▶ **Exercise brief**:
No pictures go into the copy. Write out exactly the lines below from the one containing "One thing I" through the one containing "Let me show".

▶ **Input data**:
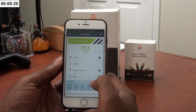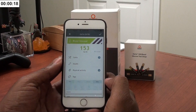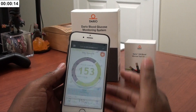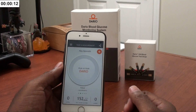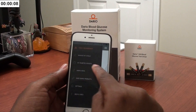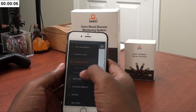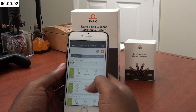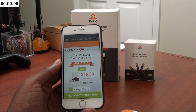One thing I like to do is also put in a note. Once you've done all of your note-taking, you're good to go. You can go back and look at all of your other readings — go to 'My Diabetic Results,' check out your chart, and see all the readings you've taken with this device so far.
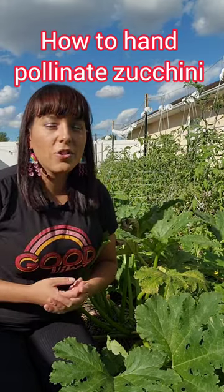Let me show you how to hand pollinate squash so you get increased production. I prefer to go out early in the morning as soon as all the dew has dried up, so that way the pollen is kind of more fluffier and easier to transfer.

* * *

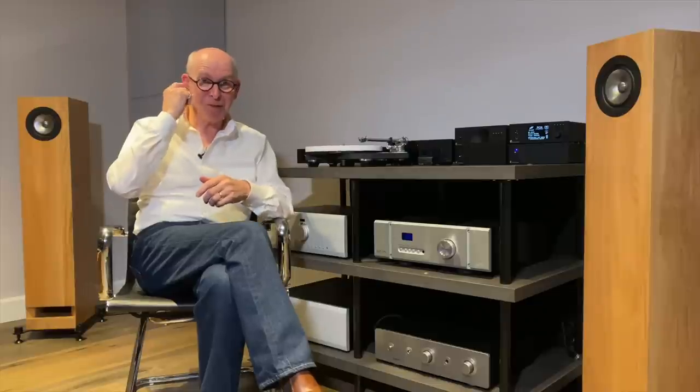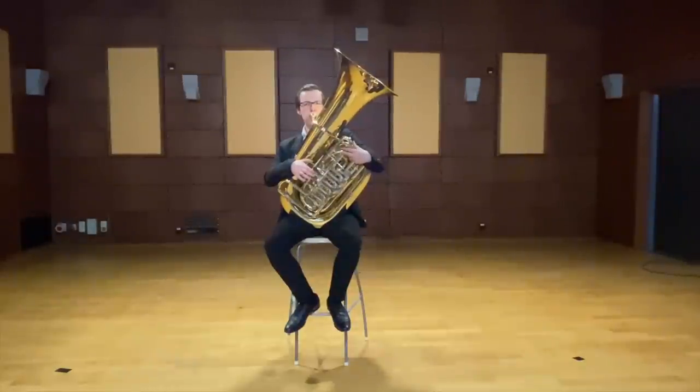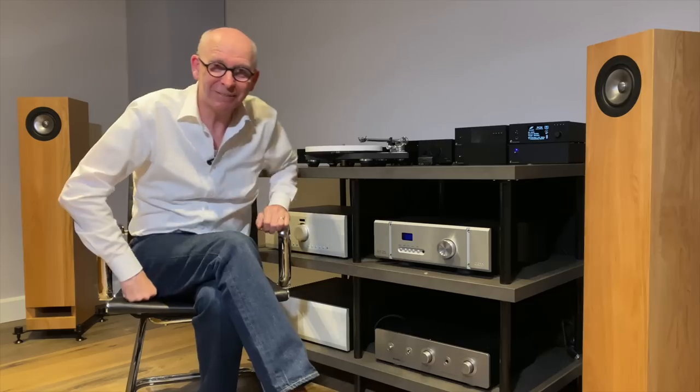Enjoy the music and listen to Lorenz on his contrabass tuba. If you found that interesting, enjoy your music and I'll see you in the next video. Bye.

* * *

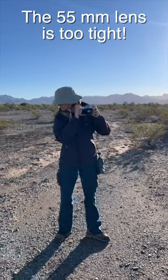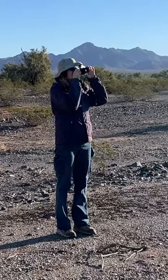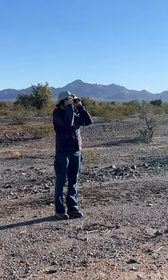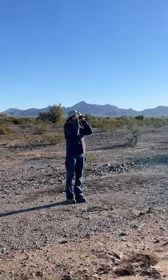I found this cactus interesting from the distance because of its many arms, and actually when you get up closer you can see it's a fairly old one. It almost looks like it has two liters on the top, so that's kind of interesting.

▶ **Response**:
One thing I like to do is also put in a note. Once you've done all of your note-taking, you're good to go. You can go back and look at all of your other readings — go to 'My Diabetic Results,' check out your chart, and see all the readings you've taken with this device so far.
Let me show you how to hand pollinate squash so you get increased production. I prefer to go out early in the morning as soon as all the dew has dried up, so that way the pollen is kind of more fluffier and easier to transfer.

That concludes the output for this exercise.